NEW YORK (TheStreet) -- The major U.S. equity averages overcame weakness in the tech sector to close in positive territory Wednesday as strength in housing starts prompted a rally in basic materials stocks.
Earnings disappointments from heavyweights IBM (IBM) and Intel (INTC) were a headwind for the broad market all day, but overall breadth was very positive throughout the session.
The Dow Jones Industrial Average gained more than 5 points, or 0.04%, to finish at 13,557. The blue-chip index, which has now built its winning streak up to four days, ran as low as 13,469 during the session.
Breadth within the Dow was positive with winners ahead of losers, 23 to 7. The biggest percentage gainers were Alcoa (AA), Caterpillar (CAT), Johnson & Johnson (JNJ), and Walt Disney (DIS).
IBM and Intel were by far the biggest losers among the blue chips.

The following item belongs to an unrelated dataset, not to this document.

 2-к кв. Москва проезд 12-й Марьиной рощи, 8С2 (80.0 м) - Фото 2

IBM's stock dropped 4.9% after Big Blue came up short on revenue in the third quarter, while Intel shares fell 2.5% after the world's biggest chip maker's outlook failed to impress.
Aside from IBM and Intel, Cisco (CSCO)
, Coca-Cola (KO)
, McDonald's (MCD)
, and UnitedHealth (UNH)
were among the other Dow decliners.
Shares of Bank of America (BAC)
slipped 0.21% after the Charlotte, N.C.-based bank edged Wall Street's profit view.
The S&P 500
closed up 6 points, or 0.41%, at 1461, while the Nasdaq
lost 3 points, or 0.10%, to settle at 3104.

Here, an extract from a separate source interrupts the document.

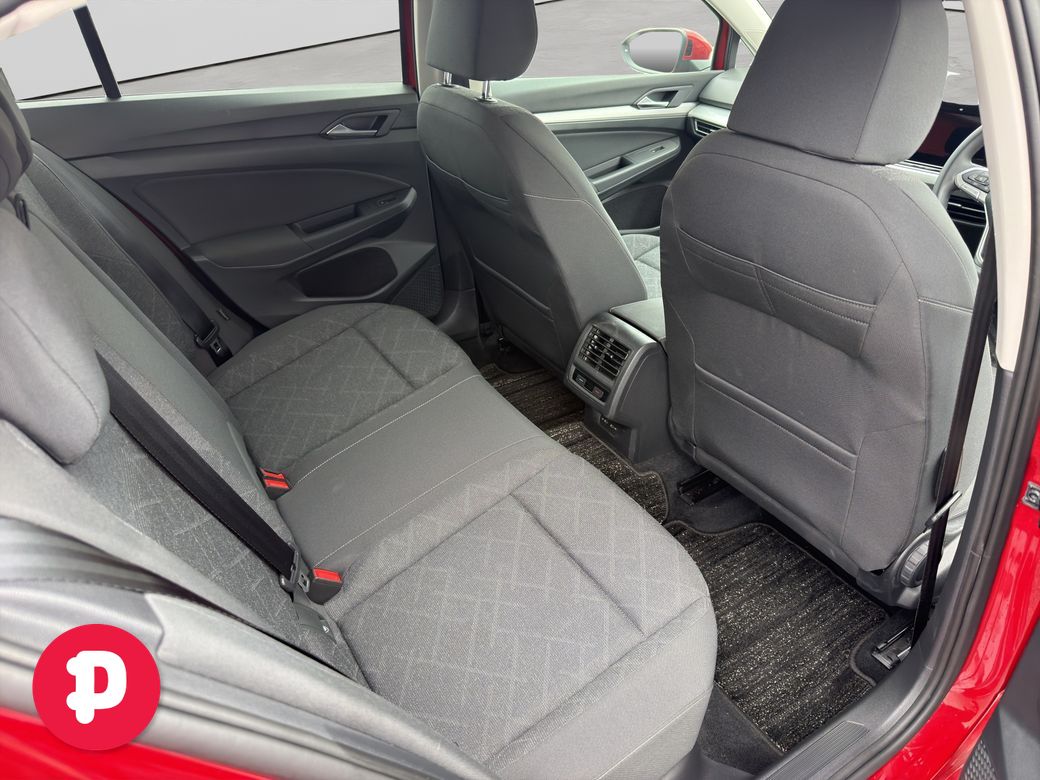 2021 Volkswagen Golf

The strongest sectors were basic materials, conglomerates, energy and utilities. Only the technology finished in the red.
Advancers were ahead of decliners by a 2-to-1 ratio on the New York Stock Exchange, and 1.5-to-1 on the Nasdaq. Volume totaled 3.64 billion on the Big Board and 1.77 billion on the Nasdaq.
The latest read on builder confidence came in much better than expected after the Census Bureau said housing starts rose to a seasonally adjusted annual rate of 872,000 in September from an upwardly revised 758,000 in August. Economists were expecting a rate of 770,000 for September. The SPDR S&P Homebuilders (XHB)
index surged nearly 2%.
"While we are nowhere near the peak, one has to go back to the middle of 2008 to find the last time starts were running at this level," said Dan Greenhaus, chief global strategist at BTIG.
"If there was any doubt that the housing market was undergoing a recovery, even a modest one in the face of the terrible 2008 decline, those doubts should be erased by now," he added.